Vielmehr komme es auf eine Verknüpfung des Vergehens mit dem Amt an: Indem der Beklagte die Praktikantin nur aufgrund der Einbettung in den als „Verschleierungsmaßnahme“ dienstlich geprägten Besuch des Weihnachtsmarkts und damit unter Ausnutzung des dienstlichen Kontexts zu dem nachfolgenden Restaurantbesuch bewegen konnte, sei auch dieser dienstlich geprägt.

Gerade wegen dieses engen Zusammenhangs und ihrer untergeordneten Stellung als Praktikantin habe sie sich daran gehindert gesehen, „so zu reagieren, wie ich eigentlich hätte reagieren wollen“ und das Gespräch zu beenden.

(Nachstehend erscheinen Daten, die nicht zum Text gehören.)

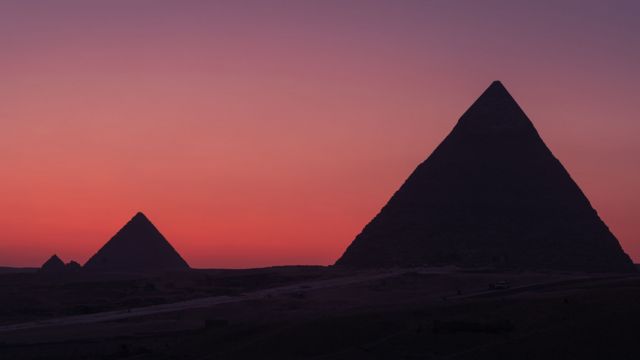 Cielo rojo y las pirámides del Cairo, Egipto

Im Ergebnis ordnete das BVerfG das Verhalten des Beamten als mittleres Dienstvergehen ein und stufte den Beamten um eine Stufe zurück. Gleichzeitig wurde ihm ein Beförderungsverbot von vier Jahren (§ 9 Bundesdisziplinargesetz) auferlegt. Zulasten des Beamten wertete das Gericht, dass er sich gegenüber der Praktikantin sowohl verbal als auch körperlich unangemessen und grenzüberschreitend verhalten hatte. Bislang hatte sich der Beamte korrekt verhalten, was das Gericht entlastend berücksichtigt hat.

Auf einen Blick

BVerwG: sexuelle Belästigung im Sinne des § 3 Abs. 4 und § 24 Nr. 1 des Allgemeinen Gleichbehandlungsgesetzes (AGG) stets eine Verletzung der Pflicht zu achtungs- und vertrauenswürdigem Verhalten aus § 61 Abs. 1 S. 3 BBG und damit Dienstvergehen nach § 77 BBG. Dabei ist unerheblich, ob Handlung formal nach Dienstschluss stattgefunden hat, solange das Vergehen mit dem Amt verknüpft ist.